___ DATA FOR REVIEW ___
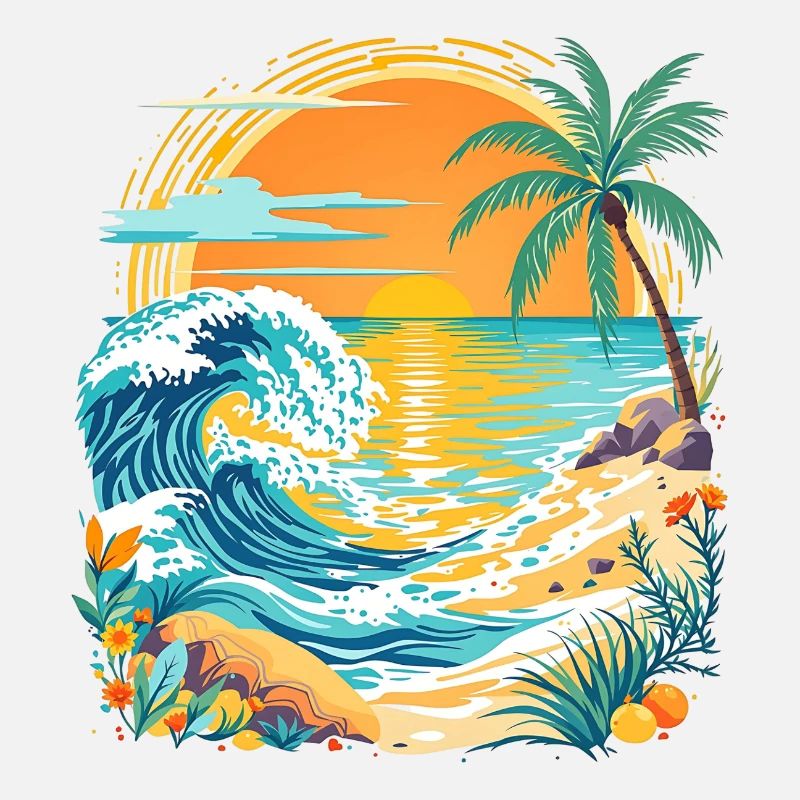 Sommer Sonne Strand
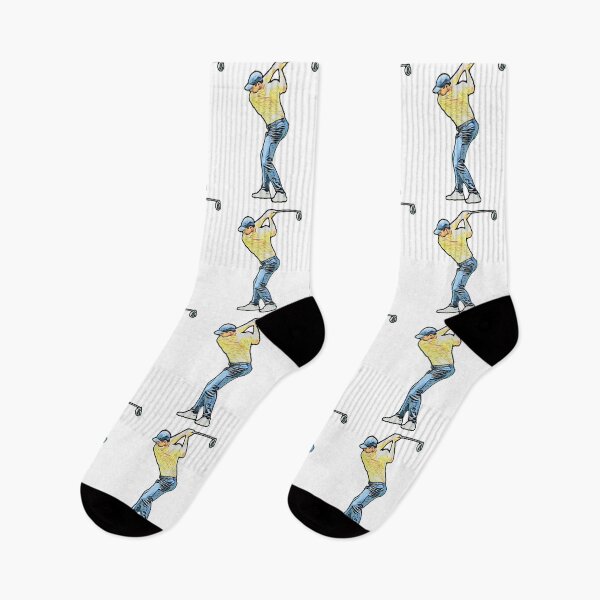 Item preview, Rory McIlroy bold cartoon  designed and sold by eNVy Co.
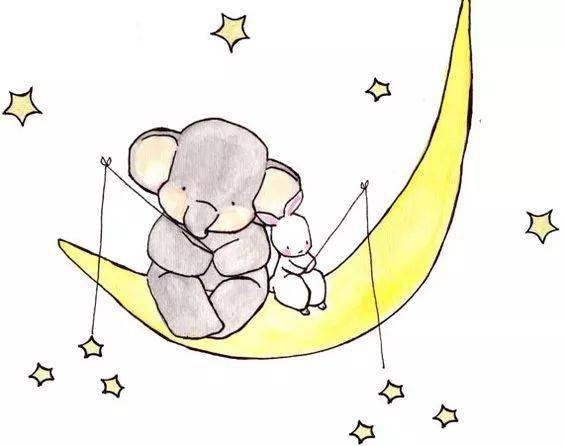 一看就会的可爱插画,简单又治愈!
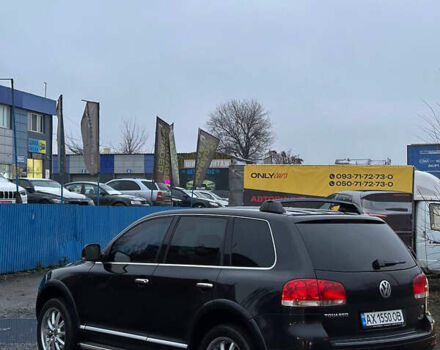 Черный Фольксваген Туарег, объемом двигателя 4.17 л и пробегом 343 тыс. км за 5500 $, фото 5 на Automoto.ua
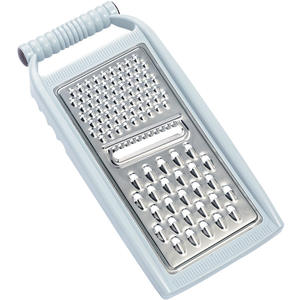 Coupe-légumes manuel multifonctionnel 3-en-1 en acier inoxydable durable pour trancher les pommes de terre et les fruits - Product Image 5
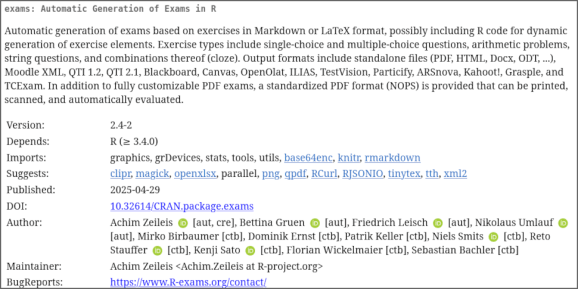 Versiunea R/examene noi: examene2 Forme, examene NOPS scrise și multe altele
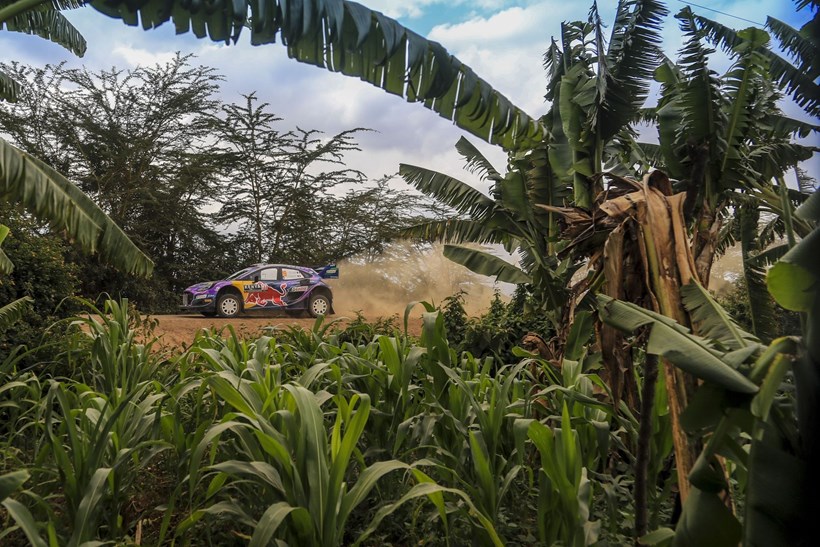 Safari Rally Kenya Loeb
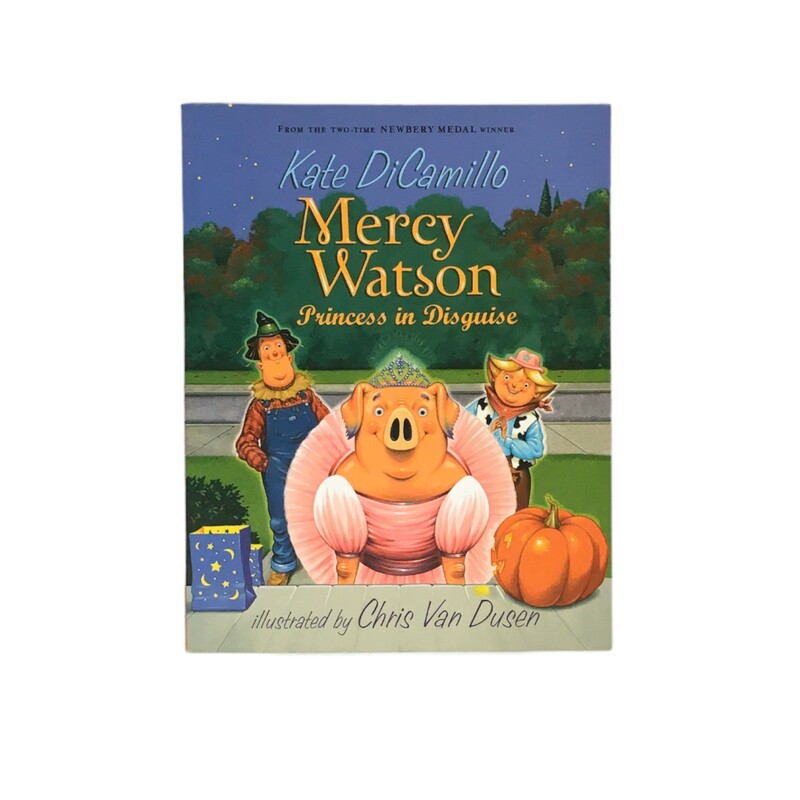 Mercy Watson #4, Book; Princess In Disguise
___
- [TASK TO CARRY OUT]: Pictures are to be left out, and the lines from the beginning of the records through the line with "Черный Фольксваген Туарег, объемом" are to be printed exactly, with nothing added.

- [TASK RESPONSE]:
 Sommer Sonne Strand
 Item preview, Rory McIlroy bold cartoon  designed and sold by eNVy Co.
 一看就会的可爱插画,简单又治愈!
 Черный Фольксваген Туарег, объемом двигателя 4.17 л и пробегом 343 тыс. км за 5500 $, фото 5 на Automoto.ua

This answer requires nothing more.